Someone born when Benjamin Disraeli was prime minister and who lived to see Edward Heath in Downing Street would have witnessed horse-drawn transport give way to cars and aircraft. Born when medical services were largely useless, she would have seen cures found for most infectious diseases and experienced the introduction of electric light, indoor plumbing and colour television.

The past 50 years, according to Professor Gordon, have been “dazzling but disappointing”. We are dazzled because our attention is focused on advances in entertainment, communications and information technology. The disappointment is partly statistical — productivity growth has slowed. And looking beyond the field of IT, he argues, there have been no advances in materials, fuel technologies or food production and distribution comparable to those of the special century.

Boeing’s first 747 flew in 1969, and today’s jumbo jets are recognisably similar. The great blockbuster drugs have, it seems, been discovered. While US productivity enjoyed a spurt in the 1990s, as digital innovations transformed our lives, the special century is unlikely to be repeated. Given an ageing population and an inadequate educational system, a significant increase in American living standards should not be expected.

Progress in introducing robotics into service activities is “glacially slow”, observes Prof Gordon. Amazon employs product pickers; delivery drivers still mostly load and unload their trucks manually. Sceptical of driverless cars, he asks what commuters will actually do with the time they do not have to spend behind the wheel. His scepticism will no doubt have been compounded by a recent accident involving one of Google’s driverless cars.

Yet, if not much seems to have happened, it is perhaps because we see that much is yet to come. No great effort of imagination is required to visualise machines that unload casks of beer or stack supermarket shelves. And if we trust robots to undertake surgery, why should they not offer pedicures or cut hair as people become more expensive and machines cheaper? Perhaps the future of progress lies in the application of IT to things that do not at first sight have much to do with it.

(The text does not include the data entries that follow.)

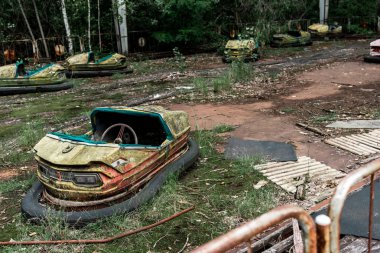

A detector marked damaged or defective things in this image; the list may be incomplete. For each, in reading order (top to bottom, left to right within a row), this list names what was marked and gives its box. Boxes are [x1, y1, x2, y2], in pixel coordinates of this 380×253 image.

rusty bumper car [0, 61, 71, 95]
abandoned bumper car [0, 61, 71, 96]
abandoned bumper car [63, 51, 133, 78]
rusty bumper car [63, 52, 133, 77]
abandoned bumper car [270, 30, 312, 47]
abandoned bumper car [362, 39, 380, 63]
rusty bumper car [364, 39, 380, 63]
abandoned bumper car [21, 105, 199, 224]
rusty bumper car [21, 105, 199, 224]
rusted metal grate [254, 156, 346, 202]
rusted metal grate [326, 129, 380, 155]
rusty pipe [0, 207, 194, 246]
rusted metal bar in foreground [0, 207, 194, 246]
rusted metal bar in foreground [190, 206, 318, 253]
rusty pipe [190, 206, 318, 253]
rusty metal railing [190, 206, 318, 253]
rust stain on metal [190, 206, 318, 253]
rusted metal bar in foreground [328, 158, 380, 253]
rusty pipe [328, 158, 380, 253]
rusty metal railing [328, 159, 380, 252] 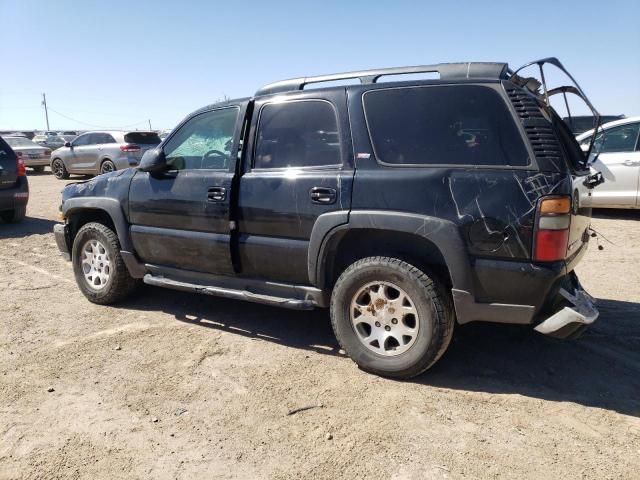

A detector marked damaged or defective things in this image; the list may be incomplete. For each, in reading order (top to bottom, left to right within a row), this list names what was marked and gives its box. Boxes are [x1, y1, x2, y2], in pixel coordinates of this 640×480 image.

damaged rear bumper [532, 284, 596, 340] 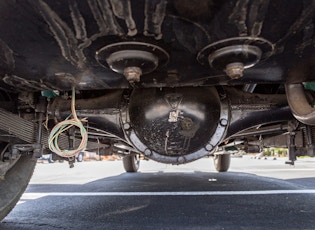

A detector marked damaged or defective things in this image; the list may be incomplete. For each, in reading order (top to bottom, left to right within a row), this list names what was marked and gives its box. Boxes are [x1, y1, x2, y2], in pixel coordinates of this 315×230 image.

corroded bolt [124, 66, 143, 82]
corroded bolt [226, 62, 246, 79]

Such opportunities are of two kinds. Computers can now replace human operatives in well-defined repetitive tasks. Examples include the computerised conveyancer, the robo-adviser as portfolio manager and the digital doctor. Many traditional middle-class occupations will be eliminated in this way.

The more subtle, and perhaps more profound, development is the capacity of digital processing to aid the discovery of things that will form the basis of new technologies. Gene sequencing and big data are likely to shape the future of medicine. Progress in battery technology is advancing by leaps and bounds thanks to the analytic capabilities in the hands of today’s researchers. If the world became wired in the “special century”, perhaps it will become wireless in the next.

And do not underestimate the increasing speed at which innovations are adopted. Ben Franklin discovered electricity in 1752 and Richard Trevithick’s car, the Puffing Devil, took to the roads of Cornwall in 1801. But it was only towards the end of the special century that electricity and cars were available to most households. The first smartphone was sold in 2007 and today 1.5bn are in use.

The limits to productivity growth are set only by the limits to human inventiveness.